An exact copy, beginning at the line containing "Photo 14 of" and ending at the final line of the records that follow, is the answer; it has no pictures and no other text.

══ Exercise input

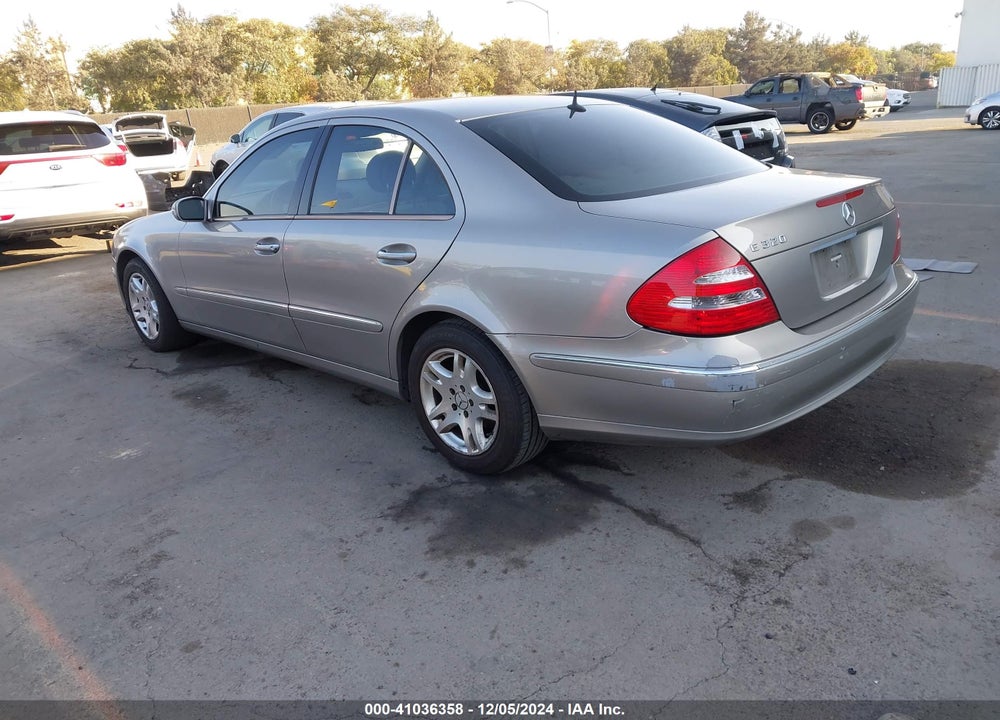 2005 MERCEDES-BENZ E 320 VIN: WDBUF65J75A618677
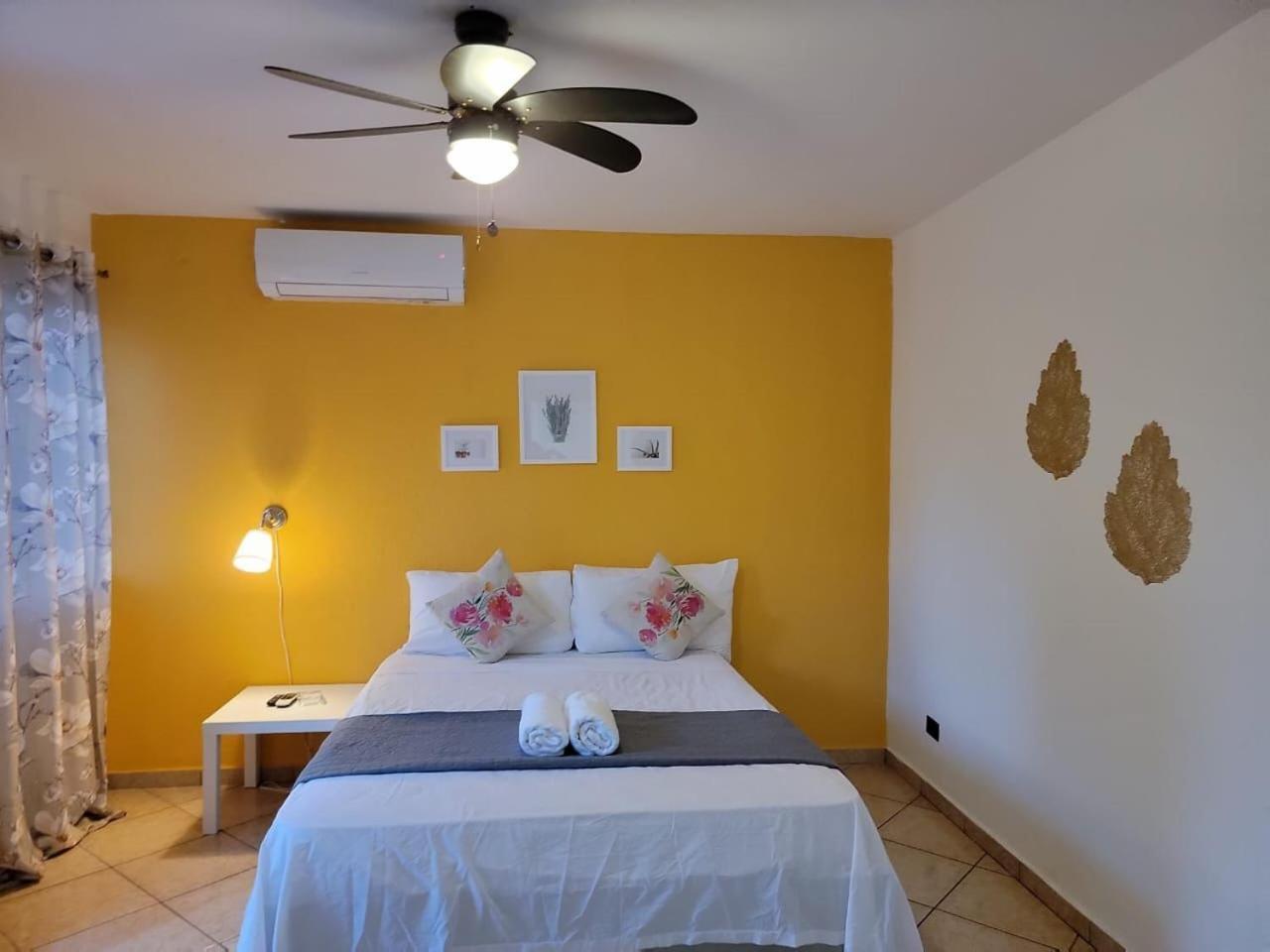 Hotel Sea Breeze Sosúa Екстериор снимка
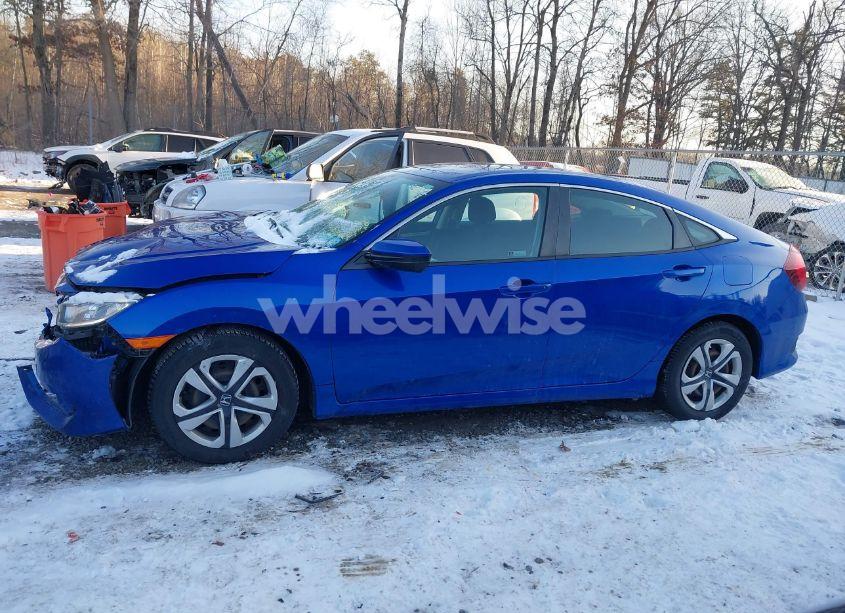 Photo 14 of 2018 Honda Civic LX (VIN 19XFC2F5XJE207486)
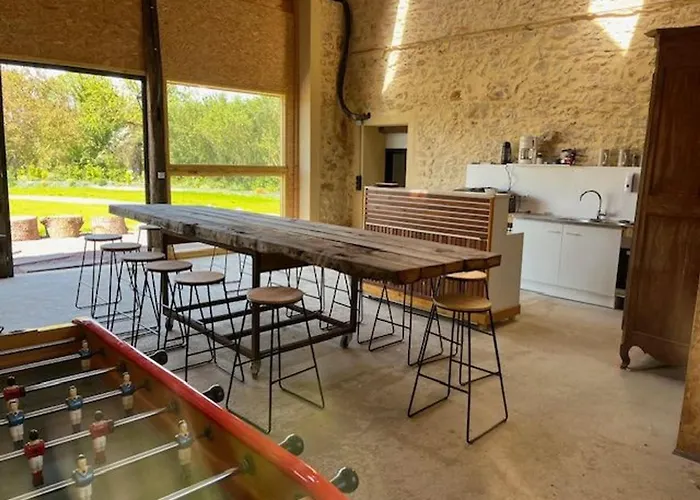 Luxueux Avec Piscine, Spa, Jardin Et équipements De Loisirs à Sargé-lès-le-mans - Fr-1-410-437 Sargé Les Le Mans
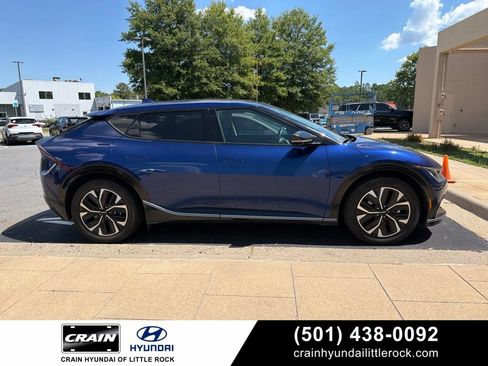Used 2023 Kia EV6 Wind RWD image 1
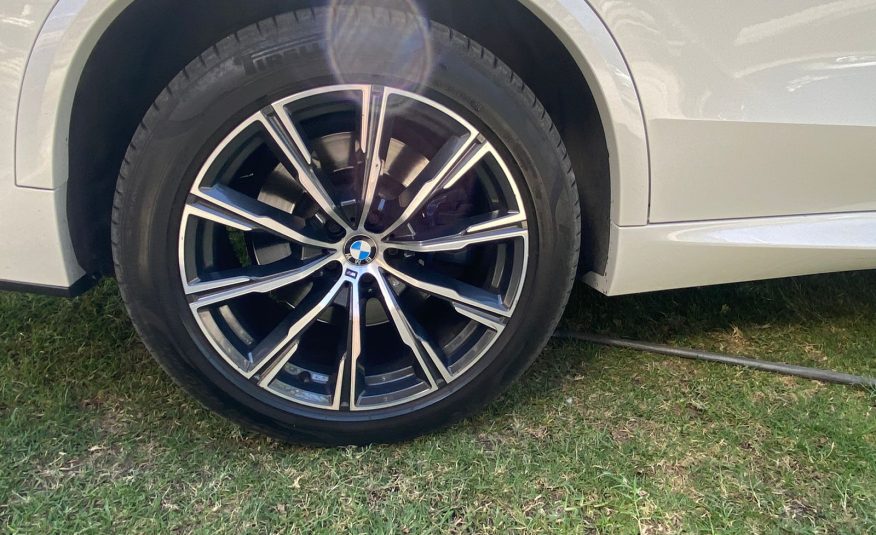 BMW X5 MSPORT 50IA BLANCO 2019
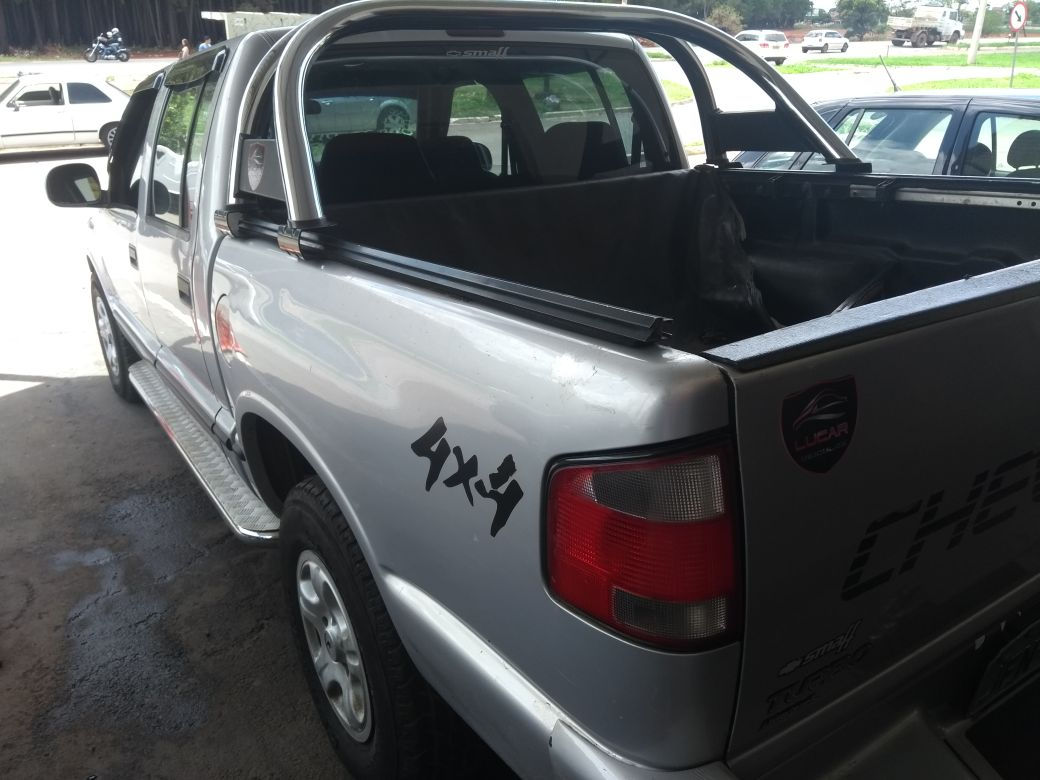 CAMIONETE S10 4X4 DIESEL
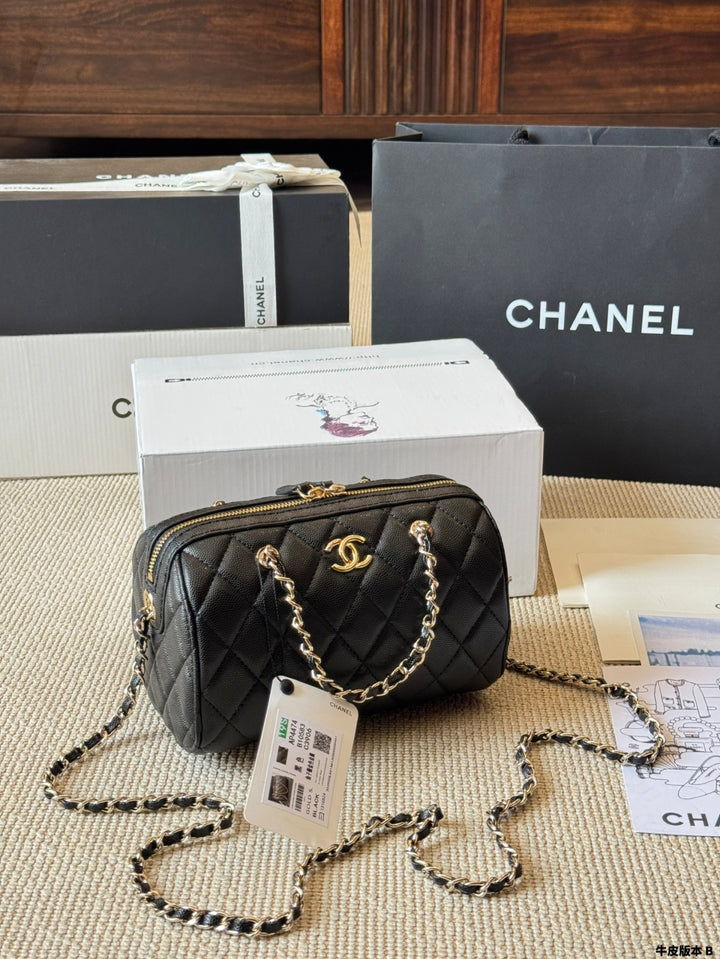 Boston Quilted Chain Tote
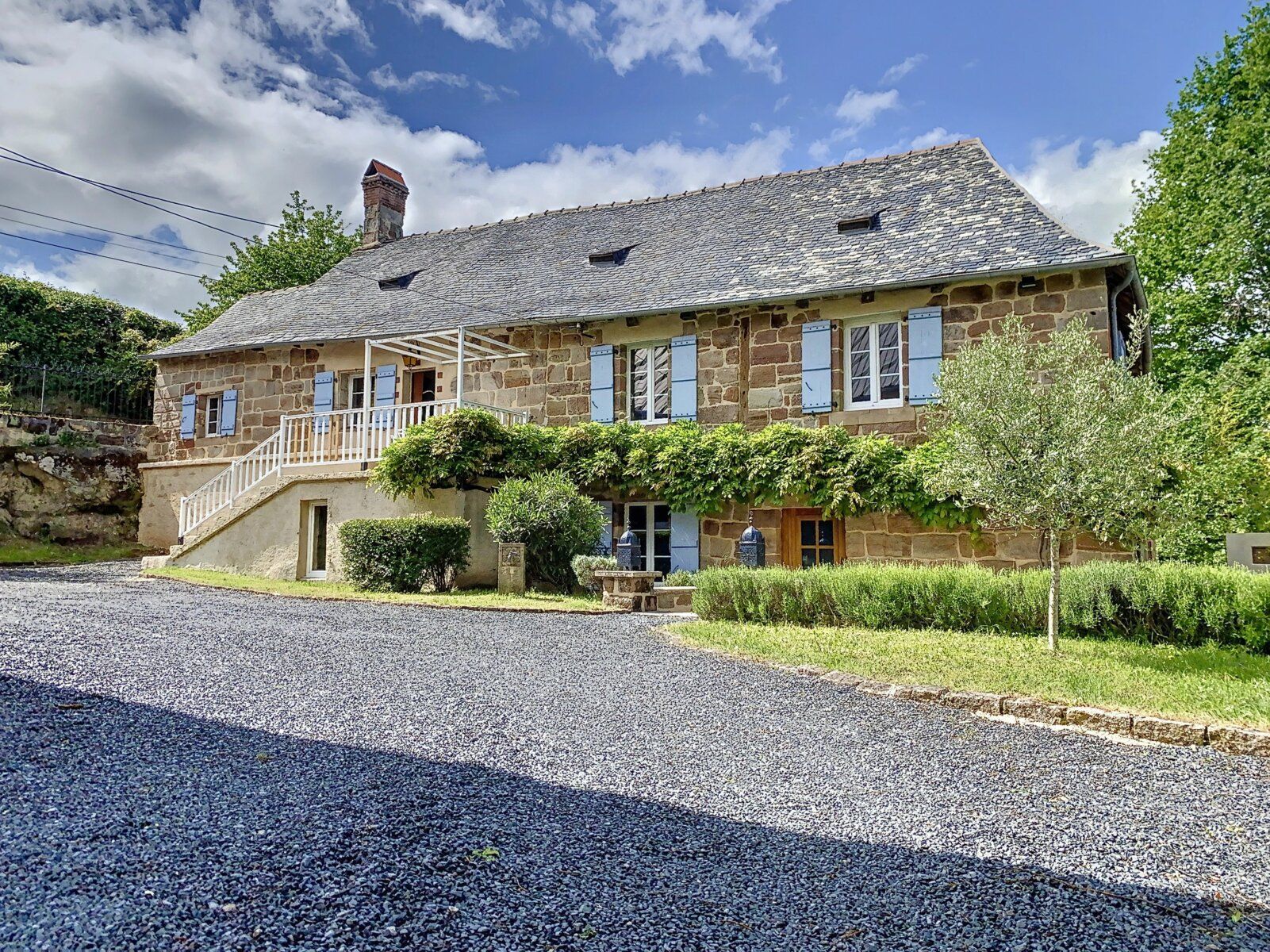 Maison à vendre 6 180m2 à Brignac-la-Plaine vignette-2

════

--- Finished exercise ---
 Photo 14 of 2018 Honda Civic LX (VIN 19XFC2F5XJE207486)
 Luxueux Avec Piscine, Spa, Jardin Et équipements De Loisirs à Sargé-lès-le-mans - Fr-1-410-437 Sargé Les Le Mans
Used 2023 Kia EV6 Wind RWD image 1
 BMW X5 MSPORT 50IA BLANCO 2019
 CAMIONETE S10 4X4 DIESEL
 Boston Quilted Chain Tote
 Maison à vendre 6 180m2 à Brignac-la-Plaine vignette-2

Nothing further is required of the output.